■ EXERCISE BRIEF: Could you give back exactly the lines below from the one with "tuong-bo-tot-go-ngoc-am-ngang-60cm" through the one with "Get started in Canva (28)", without a single picture?

■ AVAILABLE DATA:
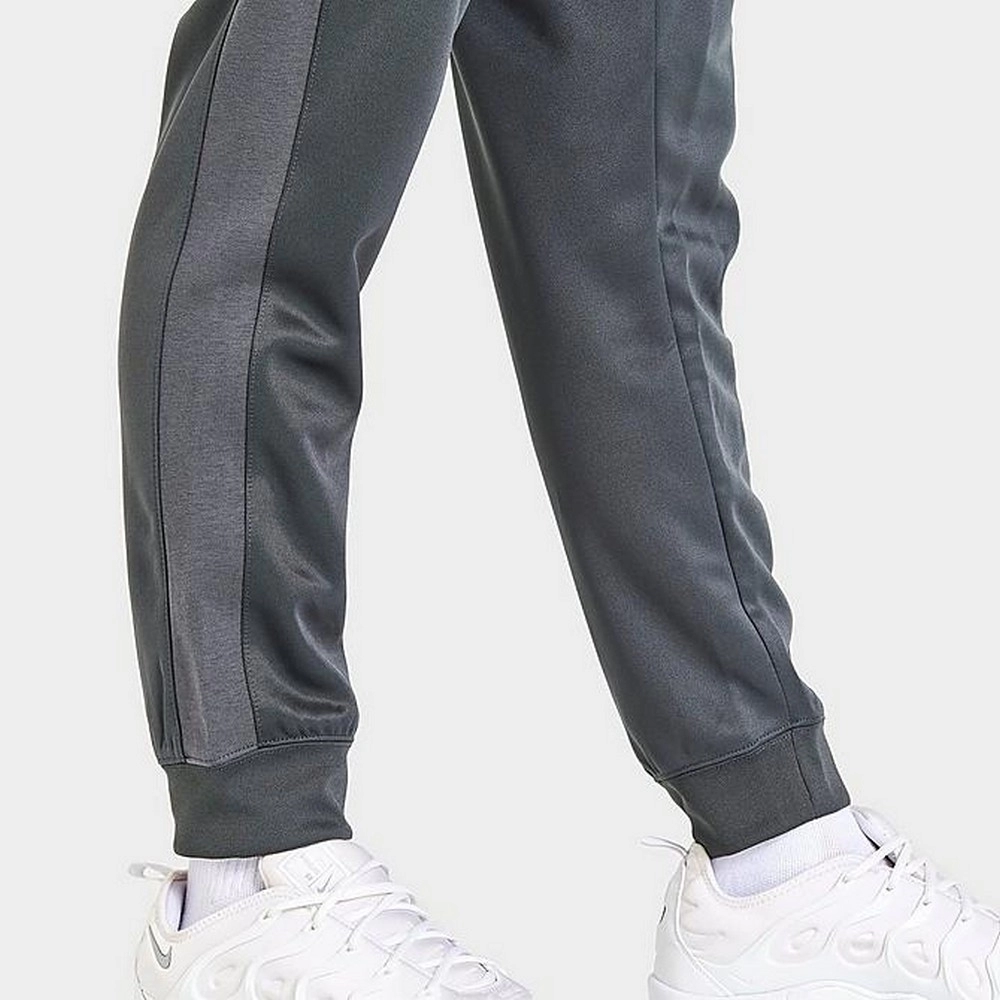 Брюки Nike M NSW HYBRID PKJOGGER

--

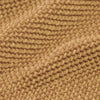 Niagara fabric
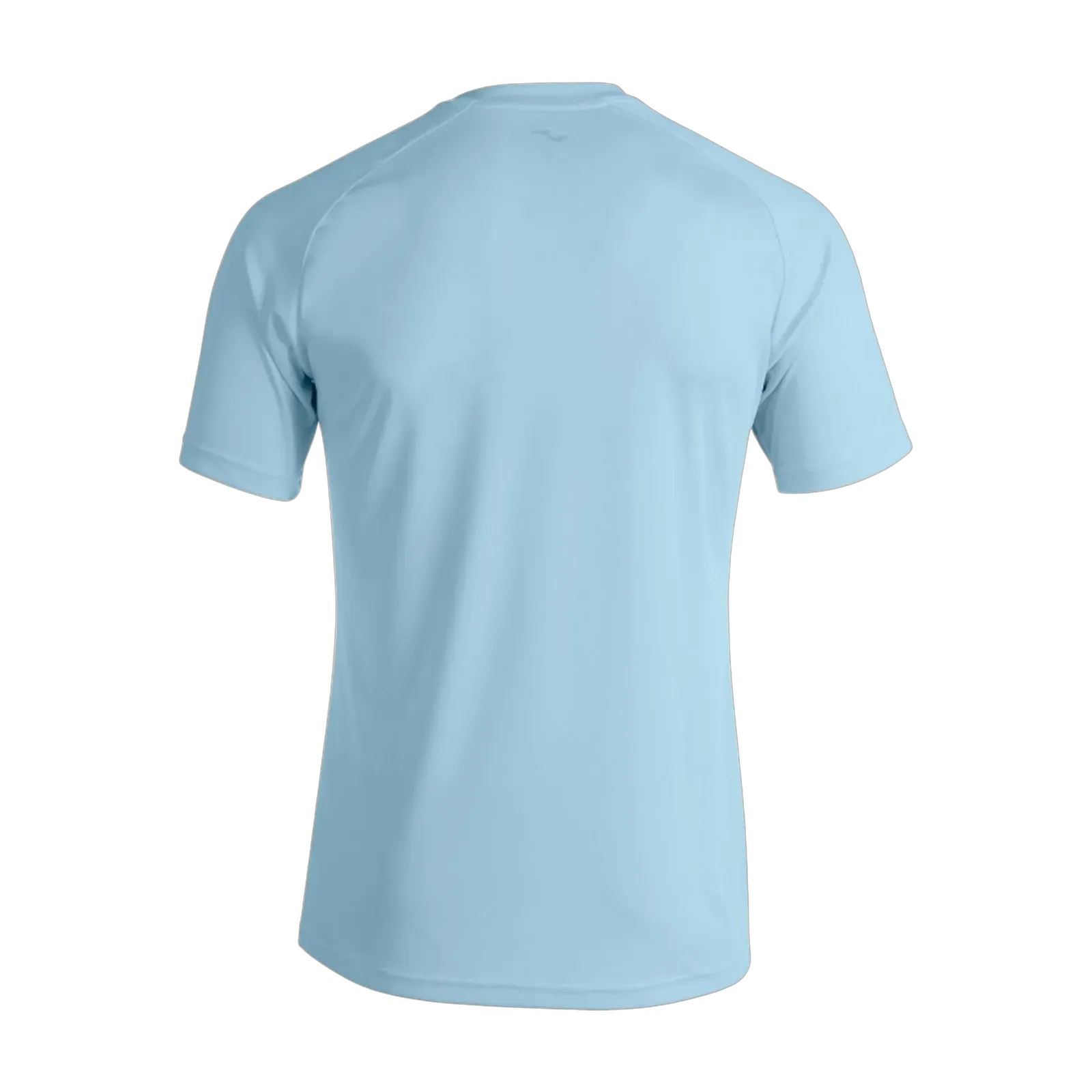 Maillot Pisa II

==

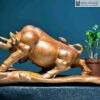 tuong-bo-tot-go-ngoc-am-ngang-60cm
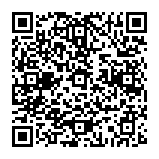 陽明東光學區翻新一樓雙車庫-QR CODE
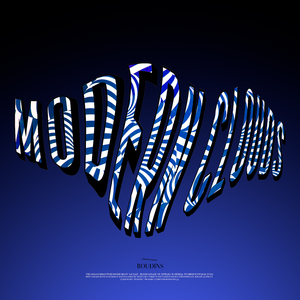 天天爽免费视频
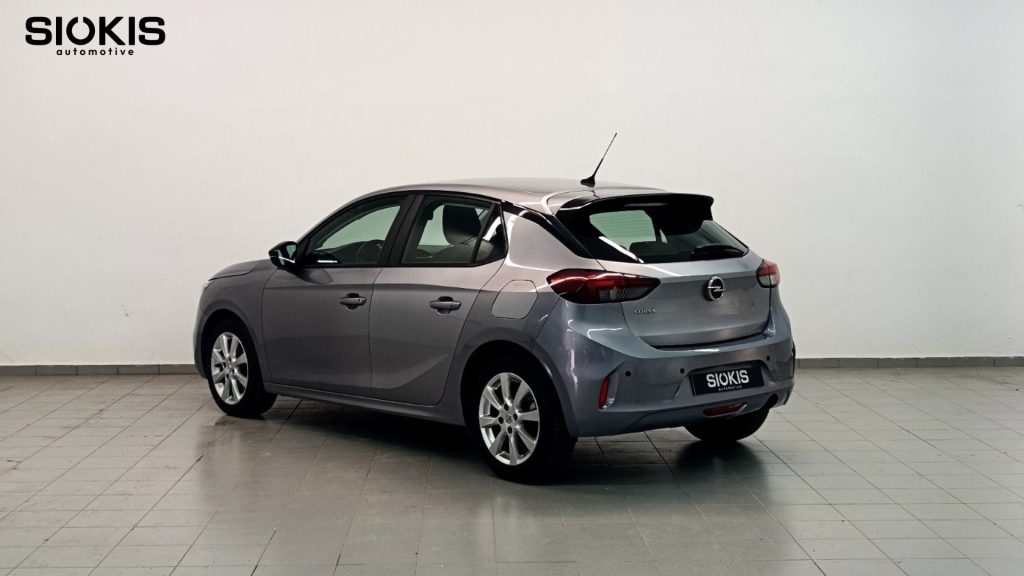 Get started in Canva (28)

■ OUTPUT BELOW:
 tuong-bo-tot-go-ngoc-am-ngang-60cm
 陽明東光學區翻新一樓雙車庫-QR CODE
 天天爽免费视频
 Get started in Canva (28)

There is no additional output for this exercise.